But Miss Willoughby did have pretty skin. Another look sent the fact home without a doubt. From her brow to her cheek to her chin, from the slope of her small nose to the slender column of her neck, she looked creamy-soft and silky, every square inch of her. He liked the way her upswept hairstyle and ineffective bobby pins left a few chestnut curls falling across her nape, but if he remembered correctly, it used to take more than the glimpse of a woman’s neck to turn him on.
In his own defense, he added the fact that she smelled .good, not like flowers and nothing as sensual as musk, but like sunshine-warmed woman, and he liked the scent. He liked it a lot. He was beginning to
wonder just how tired he’d been the previous night. He seemed to have missed quite a bit when it came to the new science teacher. Of course, he hadn’t been this close to her on Parents’ Night. A good thing too, considering the effect she had on him when they did get close. He wondered if she knew it was Talbot tradition for the chaperones to dance the first dance together.
“Oh!” Her sharp gasp brought his wanderings to an abrupt halt.
“Excuse me,” he muttered, feeling his own blush heating up to match hers. While slipping her coat over her shoulders, he’d somehow snagged the sleeve button on his suit jacket in one of her curls. He tried to untangle her hair by winding it one way, then the other. Both attempts made the situation worse.
“Oh!” she gasped again.
“Excuse me.”
“Ouch!”
“I’m really sorry, ma’am.” He felt like a total fool, and he was hurting her. Of the two, the last was the worst. “Maybe if I take my jacket off, I can get you free.”

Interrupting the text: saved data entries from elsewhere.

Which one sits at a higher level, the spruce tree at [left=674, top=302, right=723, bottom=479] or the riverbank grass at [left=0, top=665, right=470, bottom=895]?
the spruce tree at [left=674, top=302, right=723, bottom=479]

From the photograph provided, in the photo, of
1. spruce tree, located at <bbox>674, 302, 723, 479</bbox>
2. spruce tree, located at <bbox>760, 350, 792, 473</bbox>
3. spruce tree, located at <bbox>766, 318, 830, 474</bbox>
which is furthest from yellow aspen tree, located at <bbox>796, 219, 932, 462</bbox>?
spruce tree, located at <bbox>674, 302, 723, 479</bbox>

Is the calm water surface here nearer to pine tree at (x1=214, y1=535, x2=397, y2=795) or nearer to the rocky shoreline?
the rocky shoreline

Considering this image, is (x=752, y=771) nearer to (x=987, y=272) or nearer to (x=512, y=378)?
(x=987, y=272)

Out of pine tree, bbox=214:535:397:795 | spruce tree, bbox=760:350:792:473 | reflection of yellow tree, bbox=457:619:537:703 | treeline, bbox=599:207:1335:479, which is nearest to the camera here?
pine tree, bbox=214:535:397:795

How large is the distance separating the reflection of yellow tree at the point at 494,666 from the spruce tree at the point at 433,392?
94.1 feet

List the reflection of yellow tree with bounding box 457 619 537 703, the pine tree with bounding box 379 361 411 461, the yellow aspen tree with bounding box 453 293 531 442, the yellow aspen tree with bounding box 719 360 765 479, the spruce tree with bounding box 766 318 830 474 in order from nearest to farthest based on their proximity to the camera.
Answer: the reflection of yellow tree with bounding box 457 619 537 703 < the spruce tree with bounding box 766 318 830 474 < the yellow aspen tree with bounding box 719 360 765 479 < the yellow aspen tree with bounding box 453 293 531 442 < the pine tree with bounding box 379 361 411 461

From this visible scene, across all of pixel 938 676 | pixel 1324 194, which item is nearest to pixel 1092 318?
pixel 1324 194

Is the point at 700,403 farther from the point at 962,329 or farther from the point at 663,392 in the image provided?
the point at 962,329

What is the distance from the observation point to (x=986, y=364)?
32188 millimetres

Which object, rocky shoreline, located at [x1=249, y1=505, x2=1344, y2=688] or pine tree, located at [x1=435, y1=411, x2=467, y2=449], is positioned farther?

“Please do try, Mr. Garrett.”
He did try, but found he couldn’t get out of his jacket without her help.
“Would you pull on my other sleeve, please? I’ll try not to let the button pull your hair anymore.”
“Certainly,” she replied, sounding breathlessly hopeful, which only made him feel worse.
Keeping the tangled sleeve close to her neck, he stepped around her so she’d have better access to his other sleeve. The result of all his maneuvering and her helping was to have them practically wrapped in each other’s arms. The fact was lost on neither of them.
“Oh, my.” Miss Willoughby breathed the words in near silence.
“We should have it in a minute,” Ty promised, noticing how nicely she would fit against him if they got a little closer. “If you could just hold your sleeve tight while I try to get my elbow . . .”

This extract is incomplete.